America’s best idea is being loved to death. Our national parks encompass some of the most amazing places America has to offer, and with record visitation in 2020 and 2021, our national parks are more popular than ever. But our parks need our help.
Our national parks face $12 billion in deferred maintenance. This deferred maintenance doesn’t just represent crumbling bridges and dilapidated boardwalks. There are environmental consequences of deferred maintenance, too, like leaky wastewater systems that pollute rivers. When our park infrastructure fails, we fail the wildlife of that park.
The status quo of funding parks involves overcoming political hurdles, which means parks are overwhelmingly reliant upon fickle political winds. That can and should change.
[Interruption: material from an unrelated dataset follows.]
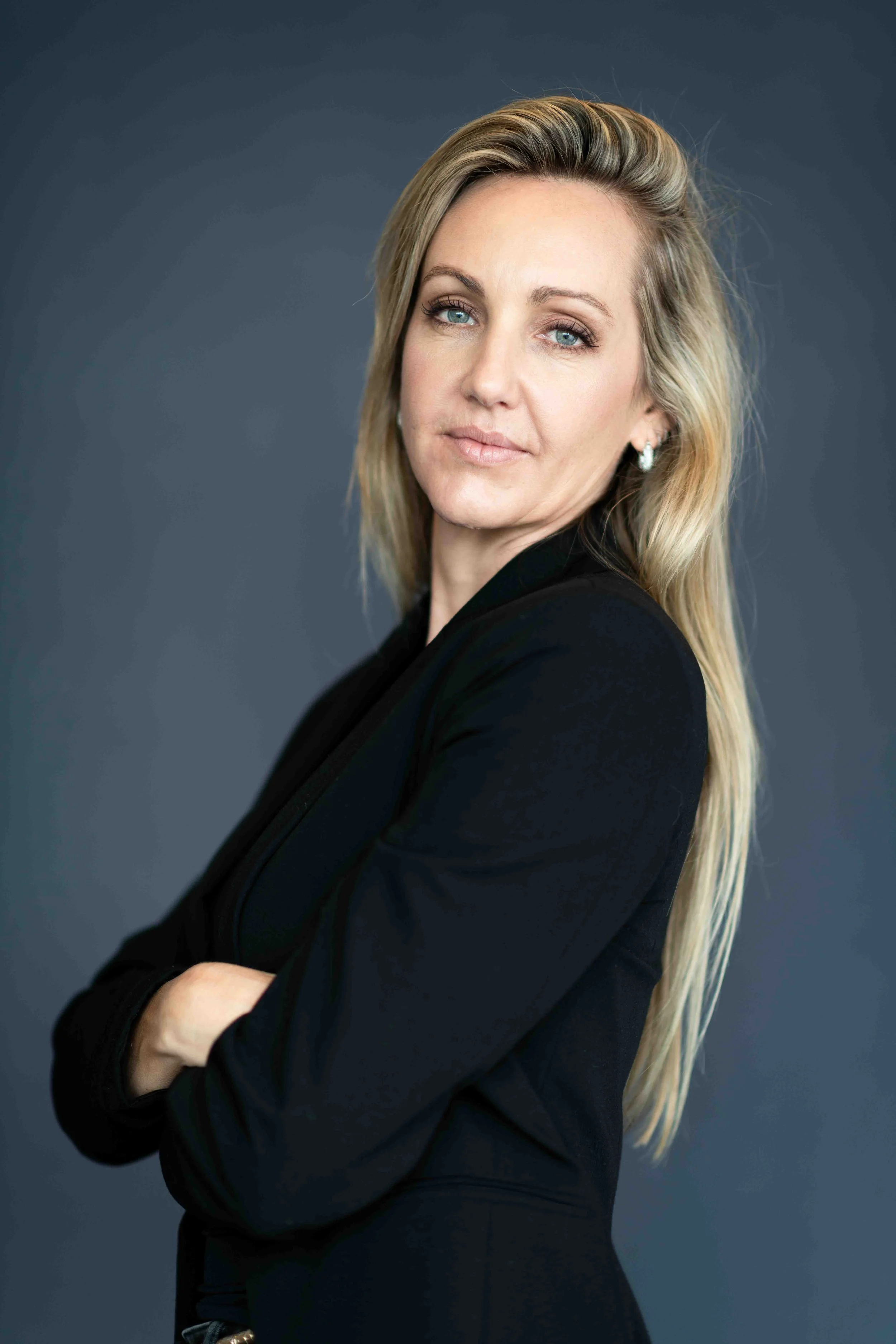 A corporate professional headshot taken in Cape Town of a woman with long blonde hair, wearing a black blazer, standing against a dark grey background with arms crossed and a confident expression.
Recent efforts like the Great American Outdoors Act have been a start, but more work remains. The act might have permanently funded federal land acquisition, but it only set aside money for public land maintenance for five years. If we want to avoid digging an even deeper deferred maintenance hole, we will have to find ongoing, reliable funding sources to address routine maintenance needs.
At its core, conservation is about maintaining and stewarding what we already own. And user fees are already a vital tool for empowering park visitors to directly contribute to the care and maintenance of the parks they enjoy. Where appropriate, modest fee increases can generate millions more in revenue, adding much-needed funding for our national parks. Plus the money generated from user fees stays in the park to help care for the very things visitors are there to see.
So the question is, what would you pay to ensure our national treasures are properly cared for?